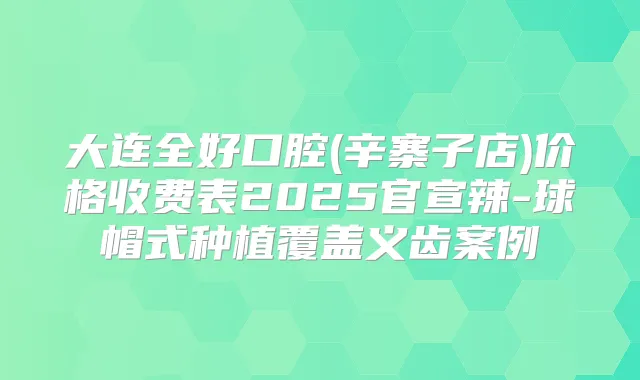 大连全好口腔(辛寨子店)价格收费表2025官宣辣-球帽式种植覆盖义齿案例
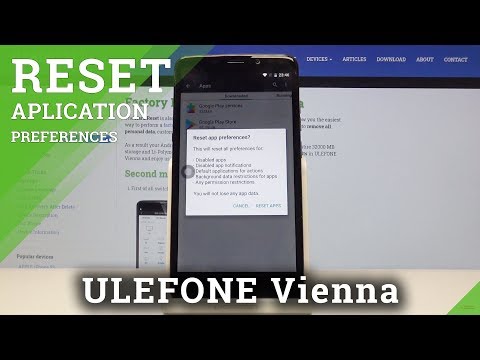How to Reset App Preferences in ULEFONE Vienna – Restore App Defaults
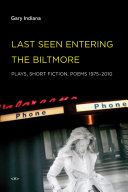 Last seen entering the Biltmore : plays, short fiction, poems, 1975-2010 /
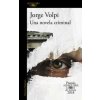 Una Novela Criminal (Premio Alfaguara 2018) / The Cassez-Vallarta Affair: A Crim E Novel (Jorge Volpi)(Brožovaná)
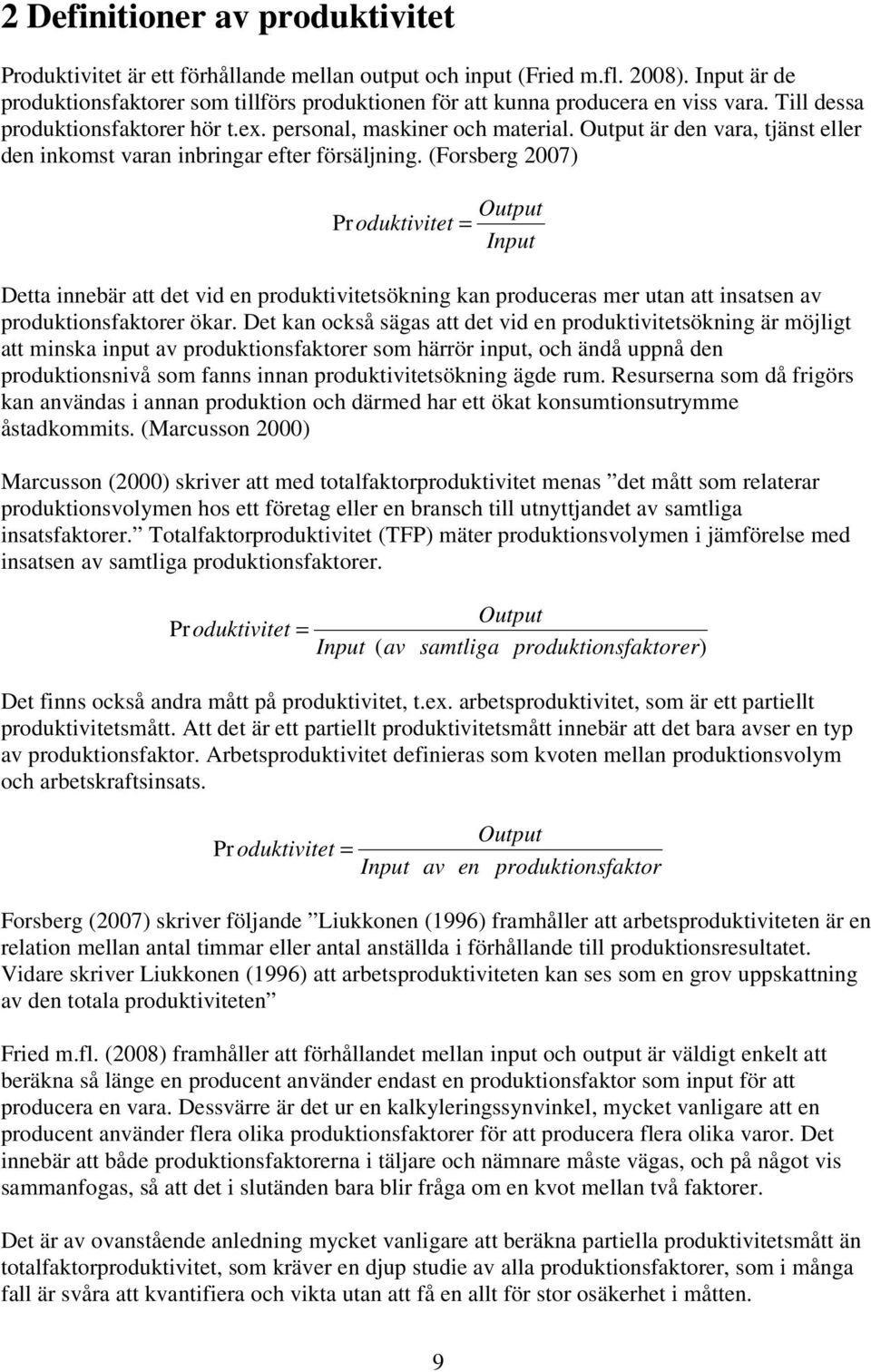 Output är den vara, tjänst eller den inkomst varan inbringar efter försäljning.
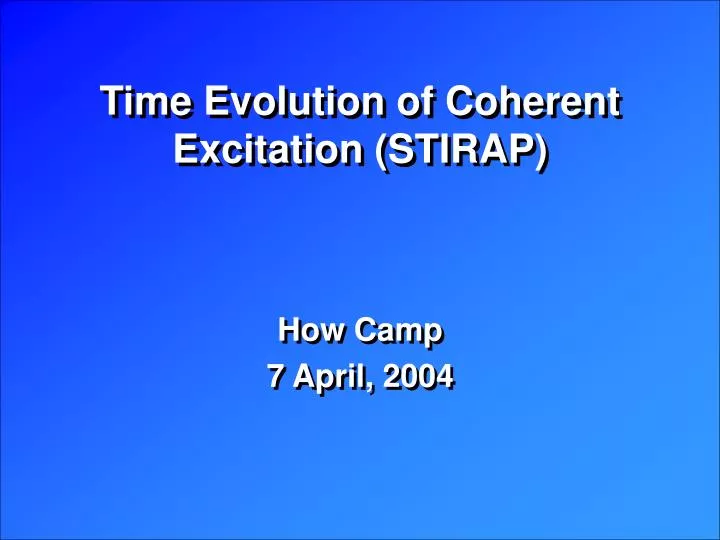 time evolution of coherent excitation stirap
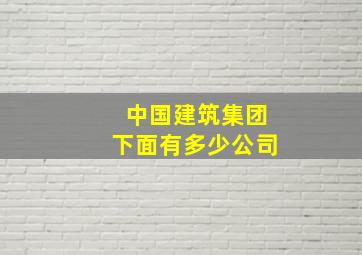 中国建筑集团下面有多少公司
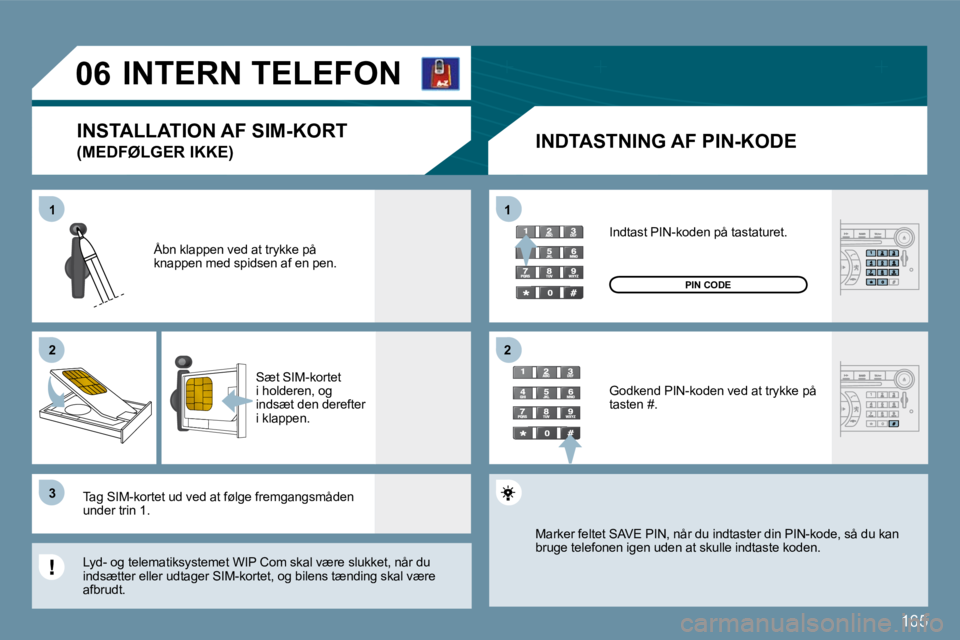 Peugeot 407 2009  Instruktionsbog (in Danish) 165
11
�2�2
�3�3
11
�2�2
�0�6     INTERN TELEFON 
  INDTASTNING AF PIN-KODE 
� �Å�b�n� �k�l�a�p�p�e�n� �v�e�d� �a�t� �t�r�y�k�k�e� �p�å� �k�n�a�p�p�e�n� �m�e�d� �s�p�i�d�s�e�n� �a�f� �e�n� �p�e�n�.�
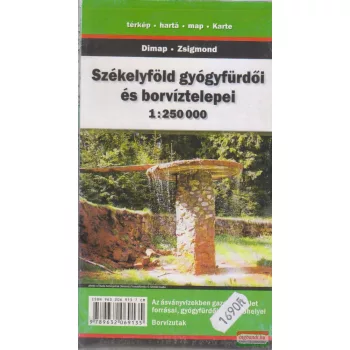   Pápai Ferenc szerk. - Székelyföld gyógyvizei - Az ásványvizekben gazdag terület forrásai, gyógyfürdői és üdülőhelyei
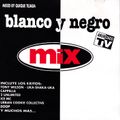 Blanco Y Negro Mix (1994) CD1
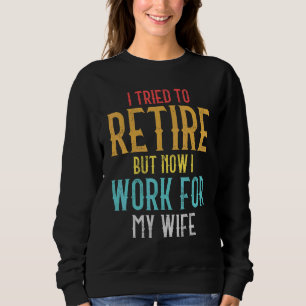 Sweatshirt J'Ai Essayé De Me Retirer, Mais Maintenant Je Trav
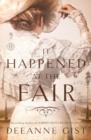 It Happened at the Fair : A Novel - eBook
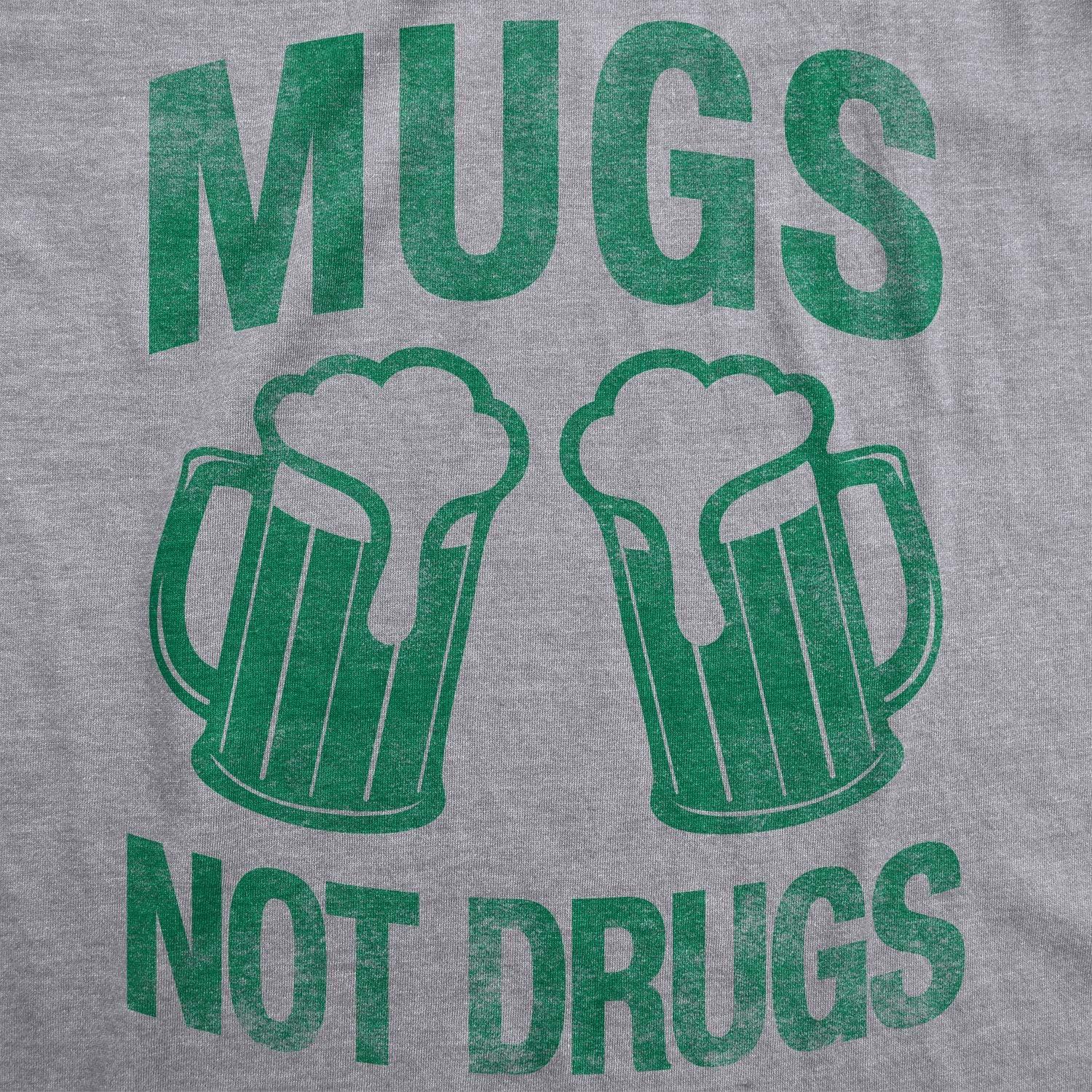 imageWomens Funny St Patricks Day T Shirts for Girls Cute Tees for Saint Patricks DayLight Heather Grey Mugs Not Drugs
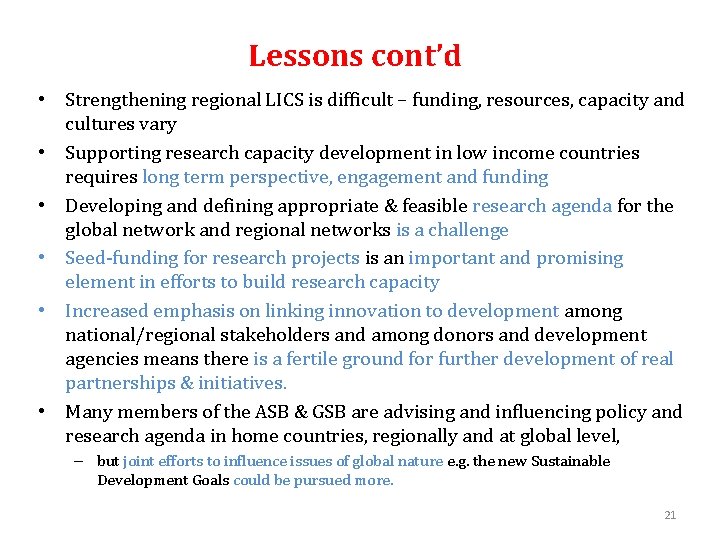 Lessons cont’d • Strengthening regional LICS is difficult – funding, resources, capacity and cultures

### Exercise brief
Please repeat the entries exactly. Do not include the pictures.

### The answer
 大连全好口腔(辛寨子店)价格收费表2025官宣辣-球帽式种植覆盖义齿案例
How to Reset App Preferences in ULEFONE Vienna – Restore App Defaults
 Last seen entering the Biltmore : plays, short fiction, poems, 1975-2010 /
 Una Novela Criminal (Premio Alfaguara 2018) / The Cassez-Vallarta Affair: A Crim E Novel (Jorge Volpi)(Brožovaná)
 Output är den vara, tjänst eller den inkomst varan inbringar efter försäljning.
 time evolution of coherent excitation stirap
 中国建筑集团下面有多少公司
 Peugeot 407 2009  Instruktionsbog (in Danish) 165
11
�2�2
�3�3
11
�2�2
�0�6     INTERN TELEFON 
  INDTASTNING AF PIN-KODE 
� �Å�b�n� �k�l�a�p�p�e�n� �v�e�d� �a�t� �t�r�y�k�k�e� �p�å� �k�n�a�p�p�e�n� �m�e�d� �s�p�i�d�s�e�n� �a�f� �e�n� �p�e�n�.�
   Pápai Ferenc szerk. - Székelyföld gyógyvizei - Az ásványvizekben gazdag terület forrásai, gyógyfürdői és üdülőhelyei
 Blanco Y Negro Mix (1994) CD1
 Sweatshirt J'Ai Essayé De Me Retirer, Mais Maintenant Je Trav
 It Happened at the Fair : A Novel - eBook
 imageWomens Funny St Patricks Day T Shirts for Girls Cute Tees for Saint Patricks DayLight Heather Grey Mugs Not Drugs
 Lessons cont’d • Strengthening regional LICS is difficult – funding, resources, capacity and cultures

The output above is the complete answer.